_Information shown_
☆ ☆ ☆ ☆ ☆

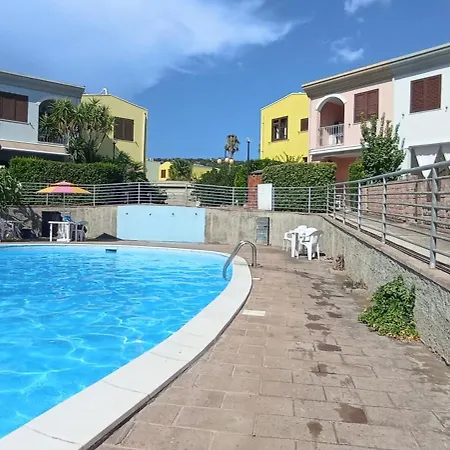 Casa Luca Ai Borghi Di *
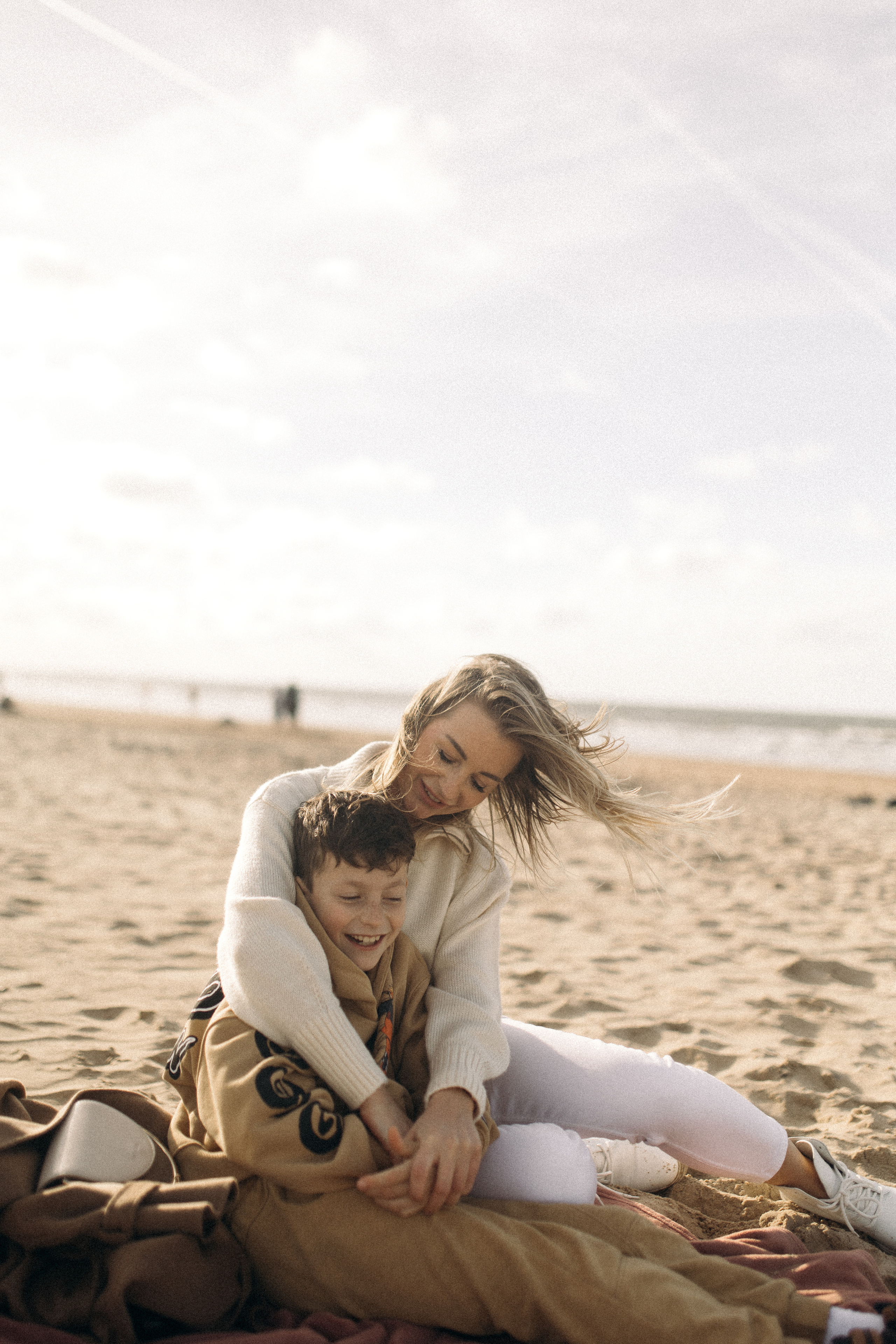 Family Day in Ostende. Обо мне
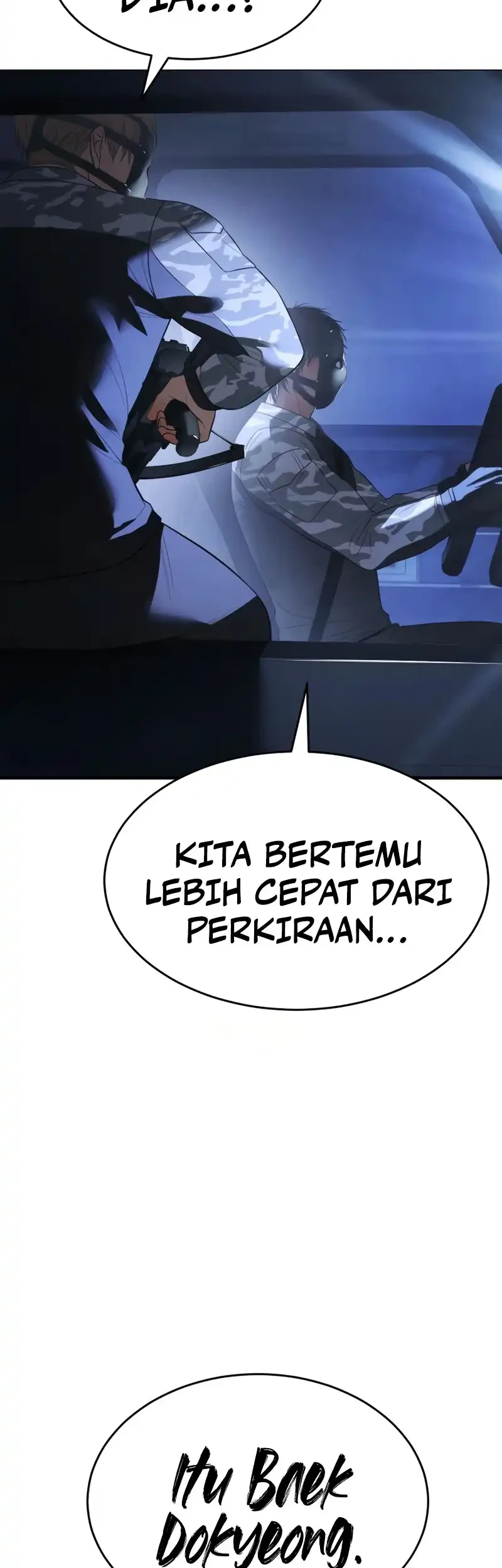 Baek XX Chapter 152 Gambar 82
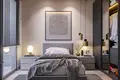 Apartamento 1 habitacion 53 m² Cesmeli, Turquía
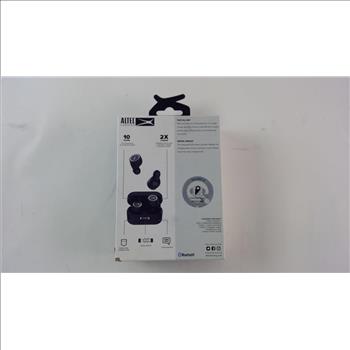 Altec Lansing Headphones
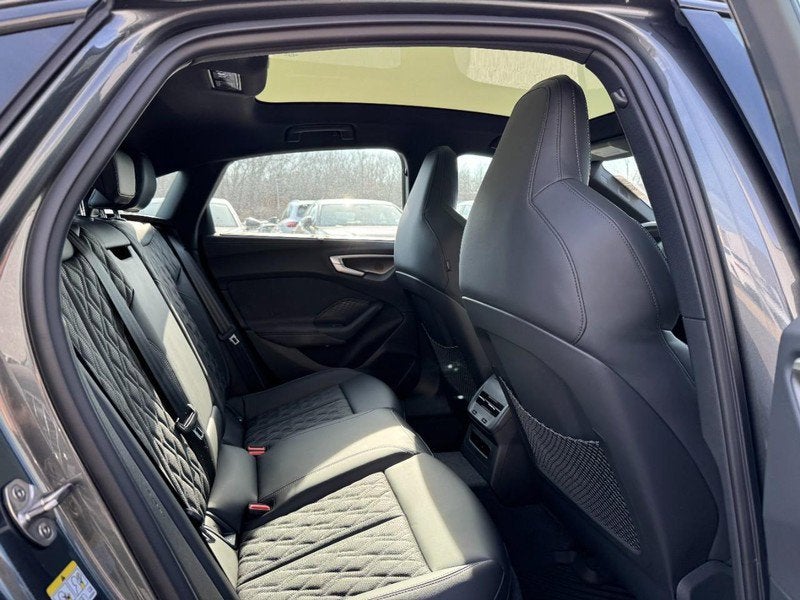 2025 Audi S5 Premium Plus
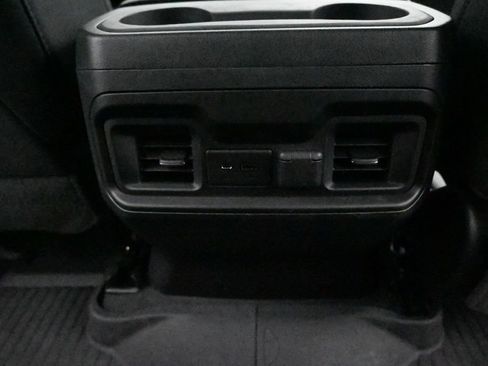 Used 2021 Chevrolet Silverado 1500 RST w/ All Star Edition Plus AWD/4WD image 20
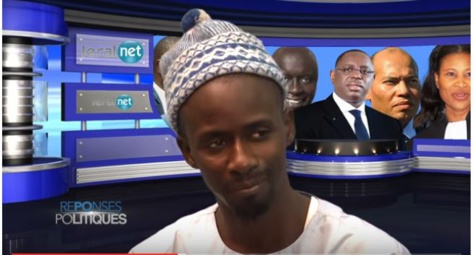 Fou Malade : «Ahmad Khalifa Niasse est un malade mental et il doit être interné"
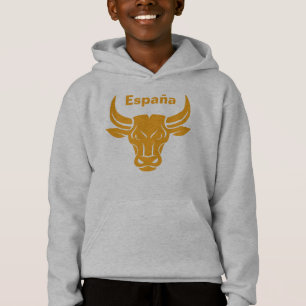 Stylised Bull custom text shirts & jackets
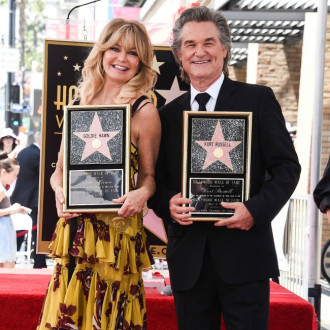 'Relationships are hard': Goldie Hawn explains WHY she and Kurt Russell have never married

☆ ☆ ☆ ☆ ☆

_Task to carry out_
Repeat all the records above exactly, leaving out any pictures.

_Response area_
 Casa Luca Ai Borghi Di *
 Family Day in Ostende. Обо мне
 Baek XX Chapter 152 Gambar 82
 Apartamento 1 habitacion 53 m² Cesmeli, Turquía
 Altec Lansing Headphones
 2025 Audi S5 Premium Plus
 Used 2021 Chevrolet Silverado 1500 RST w/ All Star Edition Plus AWD/4WD image 20
 Fou Malade : «Ahmad Khalifa Niasse est un malade mental et il doit être interné"
 Stylised Bull custom text shirts & jackets
 'Relationships are hard': Goldie Hawn explains WHY she and Kurt Russell have never married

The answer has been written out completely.